Deceased’s informal will

  1. On 24 April 2014 the deceased made an informal will (‘the informal document’). The informal document is a one-page document that is hand-written by the deceased. It is dated, headed ‘[t]his is the Will of Cameron Peter Leopold’ and signed by the deceased at the end of the page. The informal document does not comply with s 7 of the Wills Act 1997 (Vic) (‘the Wills Act’), as the deceased’s signature is not witnessed.

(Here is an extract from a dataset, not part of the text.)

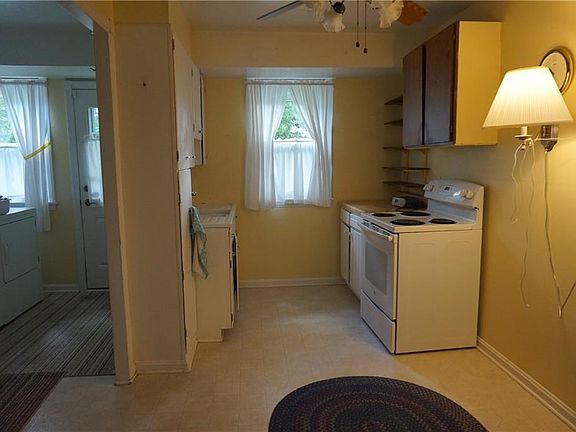 2nd image of 353 E 232nd St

  1. By the informal document, the deceased:

(a)   does not appoint an executor;

(b)  includes an unusual revocation clause which states ‘[the informal document] supersedes a Will I prepared and lodged while living in Sydney’;

(c)   gives ‘[a]ll my worldly possessions… to my father and mother — Peter and Brenda Leopold’ (‘Peter’ and ‘Brenda’ respectively);

(d)  deems ‘that up to 50% of the funds available on my death may be used by my parents in any way they see fit to care for my son — Harrison Leopold’, and appoints his sister Nadia Leopold (‘Nadia’) to this responsibility in the event that his parents ‘become infirm’; and

(e)   states that ‘[w]hen my son reaches 21 years of age, the remaining funds shall be divided — 80% received by Harrison Leopold and 10% each to Ellie and Kye — my niece and nephew’ (for simplicity, (d) and (e) will be referred to collectively as ‘Harrison’s trust’).

Deceased’s 2003 will

  1. The deceased also executed a formal will on 18 July 2003 using a ‘will kit’ (‘the 2003 will’).  The deceased lodged the 2003 will with the DacStar Group, a company that provides for the secure storage of wills for an annual fee.  The deceased failed to respond to correspondence from the DacStar Group over a period of almost eight years and, in or around March 2014, the DacStar Group destroyed the original  2003 will due to non-payment of their account.  

  1. The 2003 will:

(a)   appoints Peter as executor;

(b)  appoints Nadia as substitute executor; and

(c)   distributes the estate equally between Peter and Brenda, with a gift over to Nadia should both Peter and Brenda predecease the deceased.

Plaintiffs’ application

  1. The plaintiffs are solicitors of the firm McKean Park, acting on behalf of  Cristie.  By a non-enduring power of attorney executed 29 June 2020 (‘the power of attorney’), Cristie purported to assign to the plaintiffs her right, as the guardian of Harrison, to apply for a grant of administration of the estate of the deceased.  As well as being Harrison’s guardian, Cristie is also a creditor of the estate in her personal capacity, pursuant to the extant family law property orders between herself, the deceased and his company.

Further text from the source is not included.